With the release of Michael Lewis' book, Flash Boys: A Wall Street Revolt, there has been something of a buzz around high frequency trading in the trading community.
In his latest book, Lewis argues that Wall Street is rigged and that a few companies are dominating the market in order to make a super-fast profit.
So what is high frequency trading?
In simple enough terms, high frequency trading (HFT) is the act of using advanced computers to jump in front of investors to transact a large number of orders at very fast speeds – often buying and selling at a fraction of a second - sometimes buying and selling at a profit of just one cent.
However, if you multiply this by the millions that they go through each day, then you can see where the financial incentive comes into it.
"But how do they do this?" I hear you scream.

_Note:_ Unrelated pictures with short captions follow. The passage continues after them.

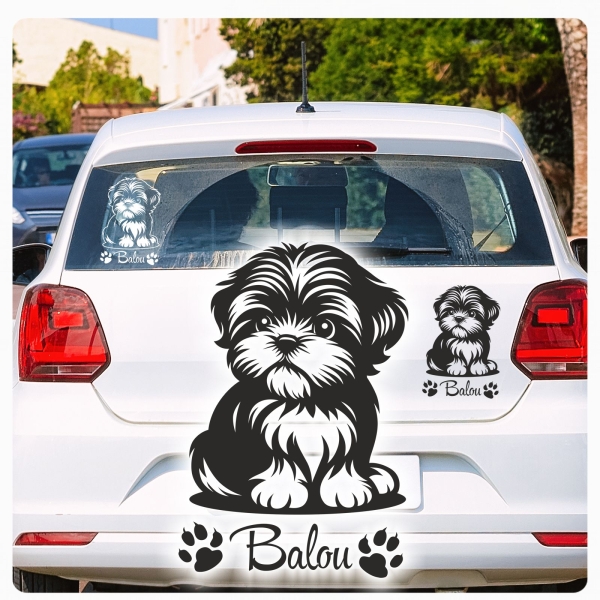 Autoufkleber Shi Tzu Sticker Aufkleber Hundeaufkleber A3113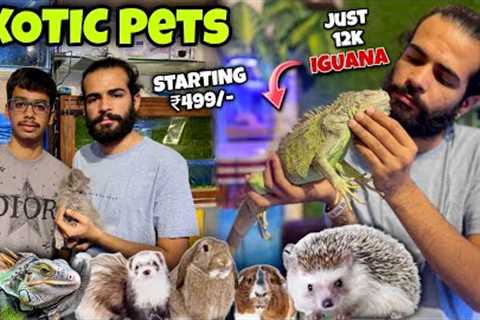 Meet Ludhiana's Most Unique Exotic Pets In This Shop!😳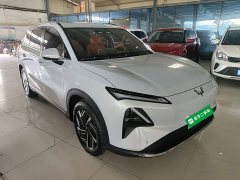 Wuling Xingguang S 510km Flagship - photo 3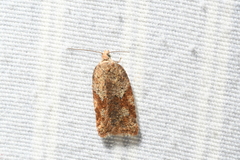 Acleris stadiana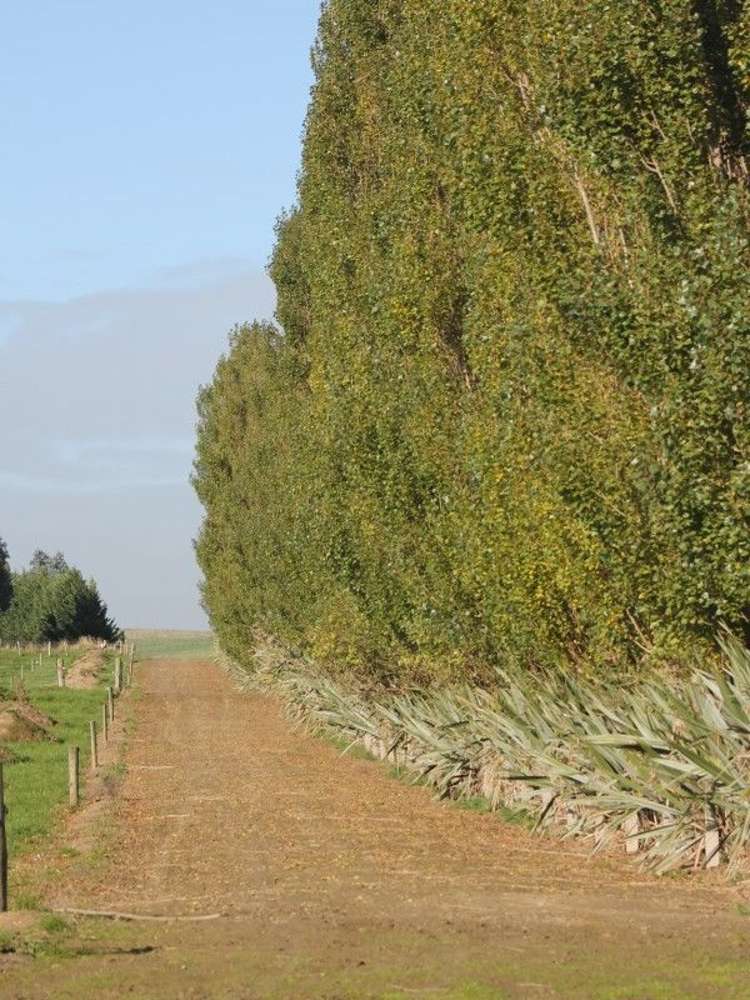 59 Oware Road Catlins Surrounds_15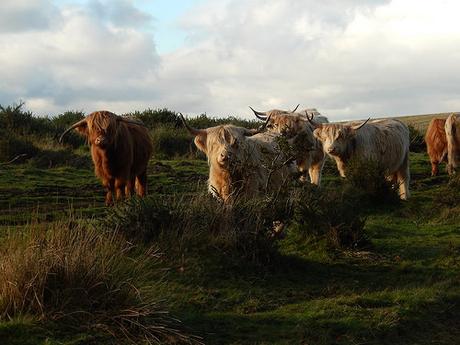 Quantock Hills – November 2015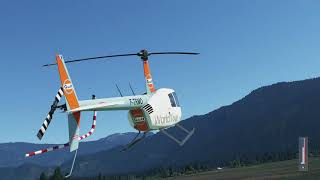 Autorotation  MSFS Native Flight Model  R44 Helicopter [upl. by Hartfield]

When a stock is ordered, it leaves downtown New York and goes to the Bats exchange servers in New Jersey. As the exchanges all connect to each other, the order then moves on to the servers of the New York Stock Exchange.
Lewis claims that with the use of expensive fibre optic lines, high frequency traders are able to get ahead of the regular buyers order, allowing them to profit from the knowledge of the prices in the slower feeds.
And this is where it starts to become a bit of a sticky topic.
Lewis alleges that high frequency traders are able to front run orders, meaning that they are able to buy in front of you, and then sell it on to you when you are ready to buy – sometimes without the buyer even knowing.
First come, first serve, right?
Well it's not quite that simple. Currently, there are only a few players in this field, but they dominate it, including British-based Algorates who were one of the first to employ the tactic.
However, as we all know too well, you can't always rely on computers.
In 2012, Knight Capital, which was a key component in the rise of HFT, accidentally deployed a test software code into a live environment.
Essentially the code was designed to move stock prices up and down in the hope of gaining a better insight into trading algorithms. When this was accidentally released, Knight's trading activities caused a major disruption in the prices of 148 companies on the NYSE.
This led to Knight Capital taking a pre-tax loss of a staggering $440m (£264m, €319m), lowering its shares by over 70%.
In an interview with 60 Minutes, Lewis alleged that a lone trader name Brad Katuyama had figured this out and was taking steps to create a more level playing field.
Katsuyama set up IEX, to combat this perceived abuse of the game, and proposes that outgoing messages should all arrive at the same time, and incoming orders should go through a "speed box" that slows them down so that everything arrives at the same time.
Michael Lewis' book Flash Boys: A Wall Street Revolt, was released today.